** Problem details **
Find the line containing "14 Wollomai Rd, Baldivis", then print it and each line after it through the end of the listing exactly, with no pictures.
-*-*-
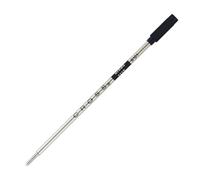 Recharge Noir Large pour stylo Bille Cross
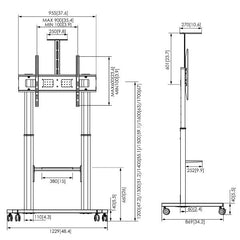 T1041 B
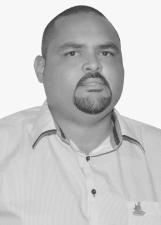 Foto de EVANDRO SANTOS PEREIRA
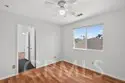 26103 Palmetto thumbnail 36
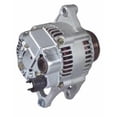 thumbnail image 1 of Alternator, 1 of 2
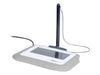 SIGNOTEC Unterschriften-Terminal – Kompaktes Design, USB-Anschluss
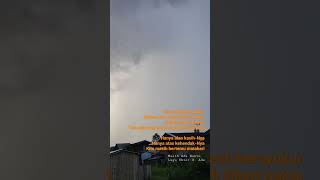 Download lagu Lagu Ebiet G. Ade, Masih Ada Waktu /penggalan lirik lagu. mp3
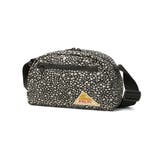 BlackDalmatian | 日本正規品ケルティ ショルダーバッグ KELTY | ギャレリア Bag＆Luggage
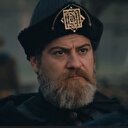 Diriliş Ertuğrul'a transfer
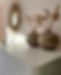 IMG_3184.jpeg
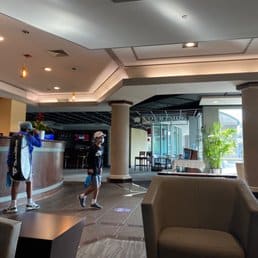 My Health Club in Atlanta My Health Club in Atlanta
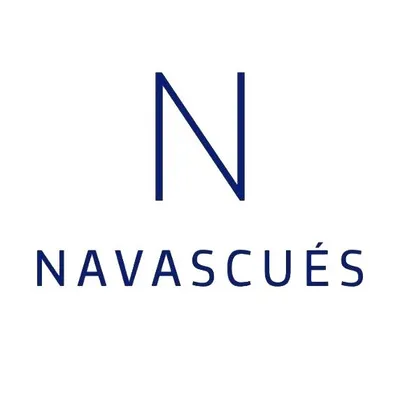 Navascués profile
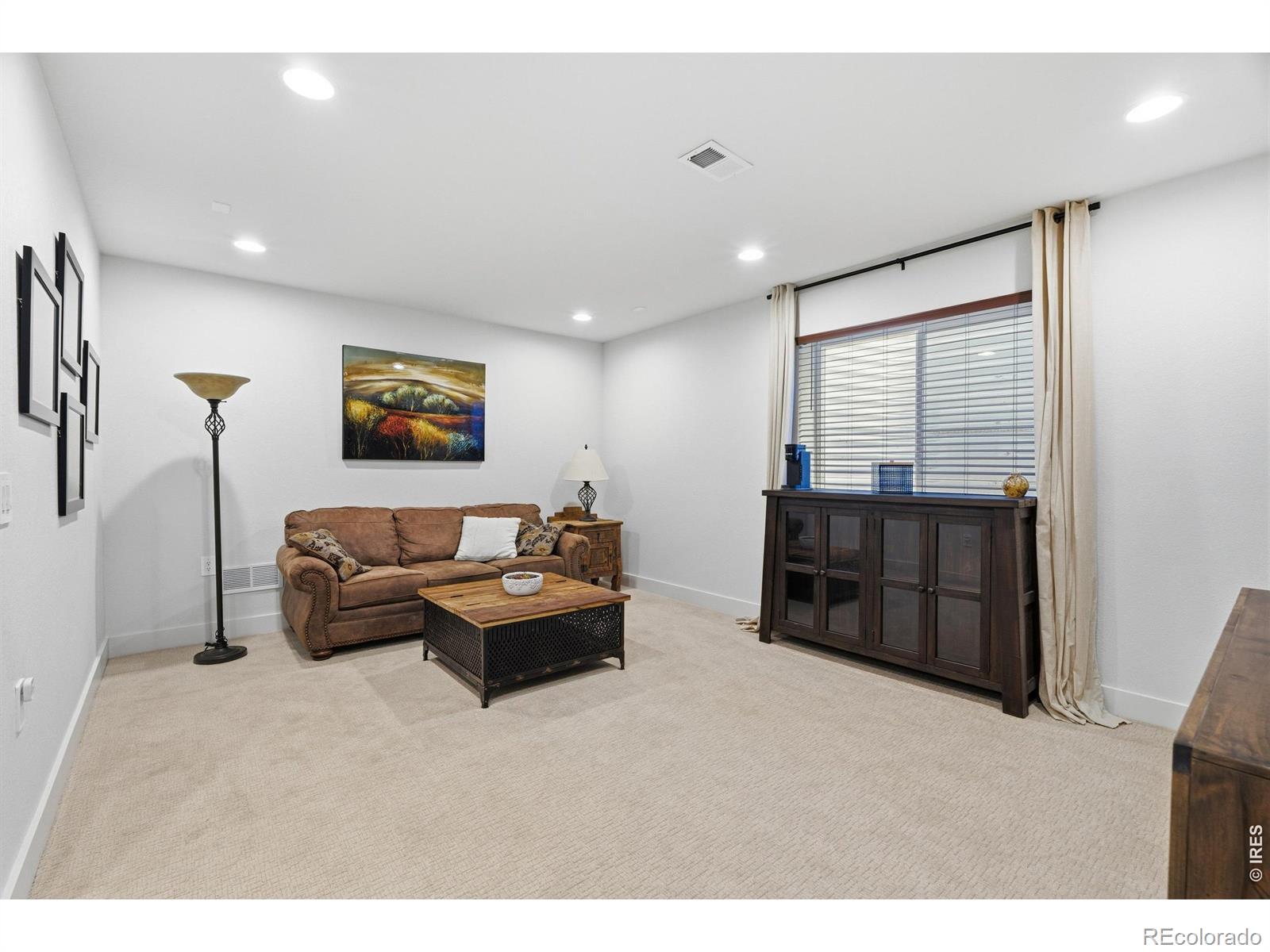 MLS Image #28 for 2033  squib lane,fort collins, Colorado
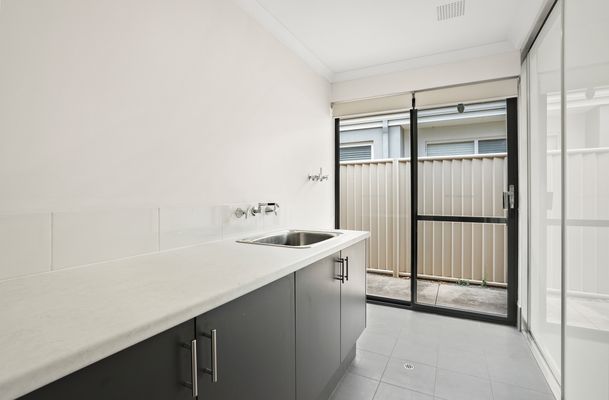 14 Wollomai Rd, Baldivis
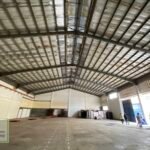 Copy of 450061890_955647906359321_2109653867431192593_n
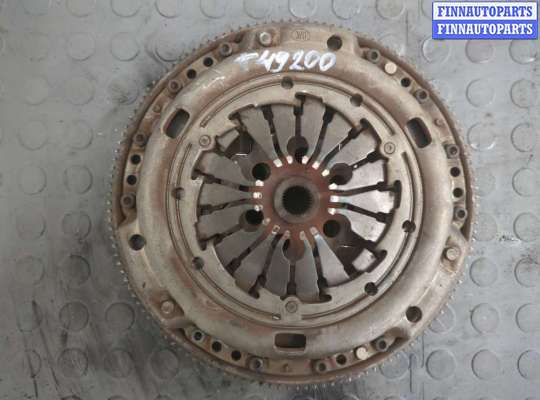 купить Маховик на Skoda Octavia Tour 1996-2011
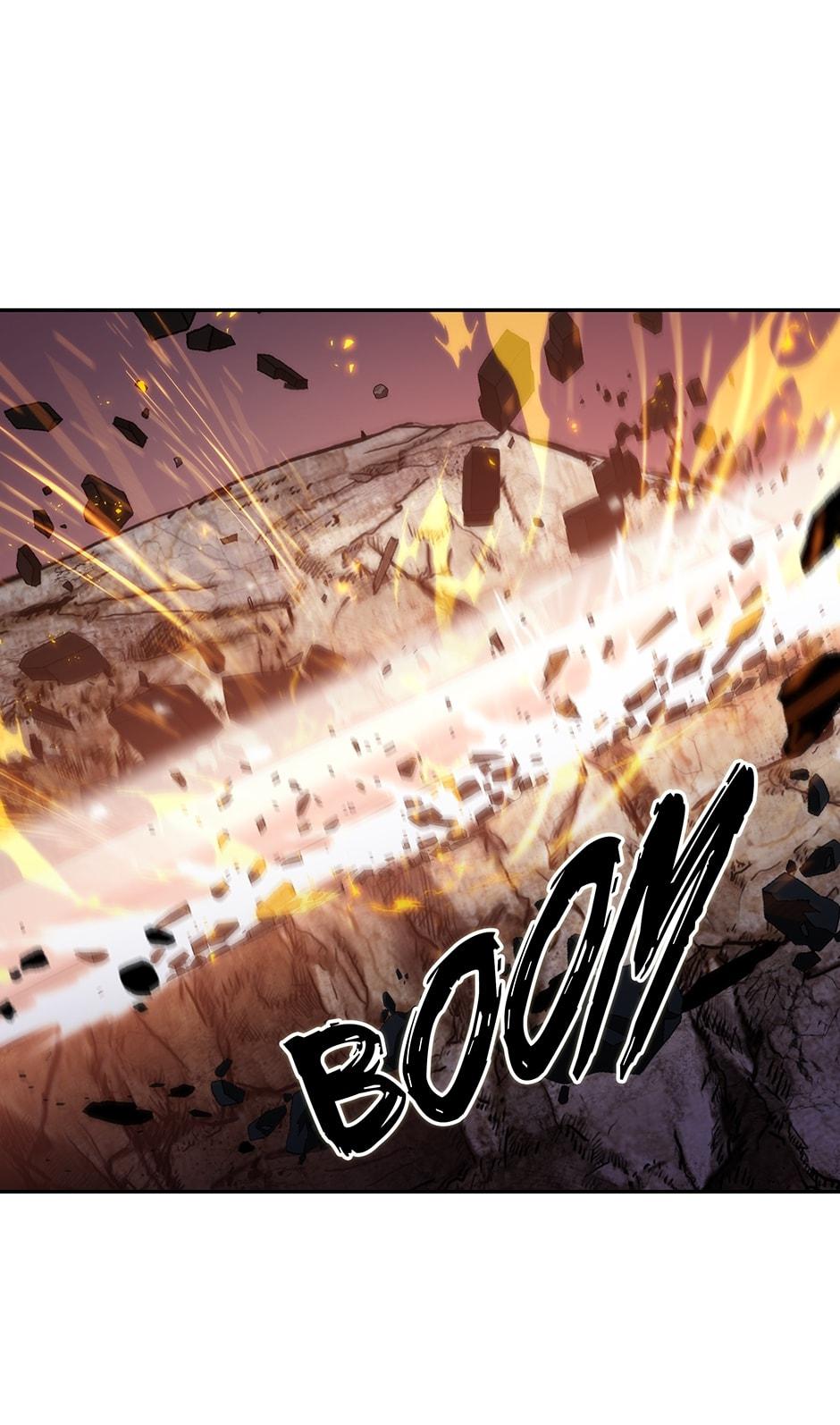 Read Tomb Raider King EN Manga Online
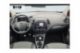 RENAULT CAPTUR Intens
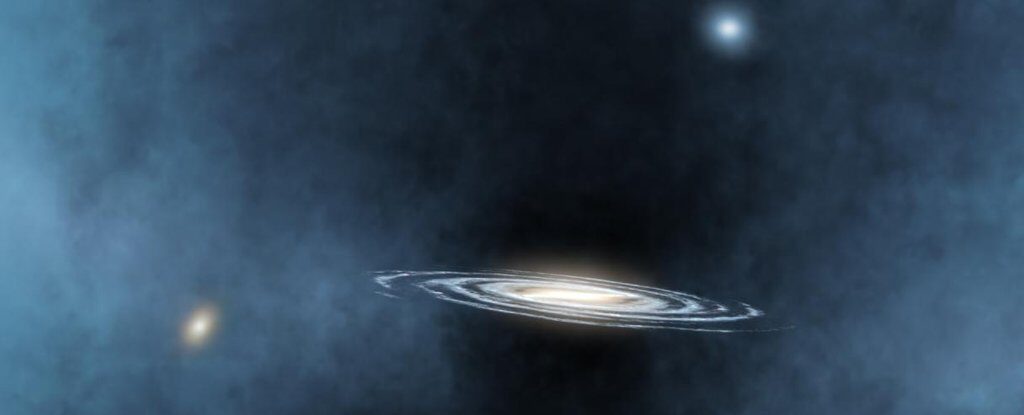 Click to enlarge galaxy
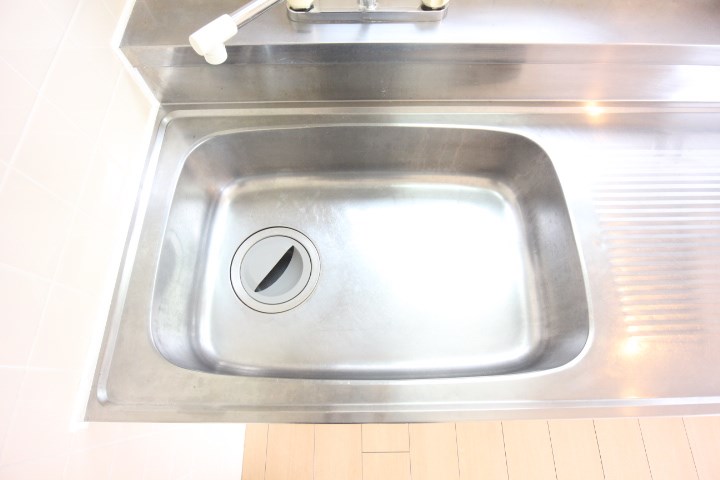 カサマローネ その他15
-*-*-
** Exercise answer **
 14 Wollomai Rd, Baldivis
 Copy of 450061890_955647906359321_2109653867431192593_n
 купить Маховик на Skoda Octavia Tour 1996-2011
 Read Tomb Raider King EN Manga Online
 RENAULT CAPTUR Intens
 Click to enlarge galaxy
 カサマローネ その他15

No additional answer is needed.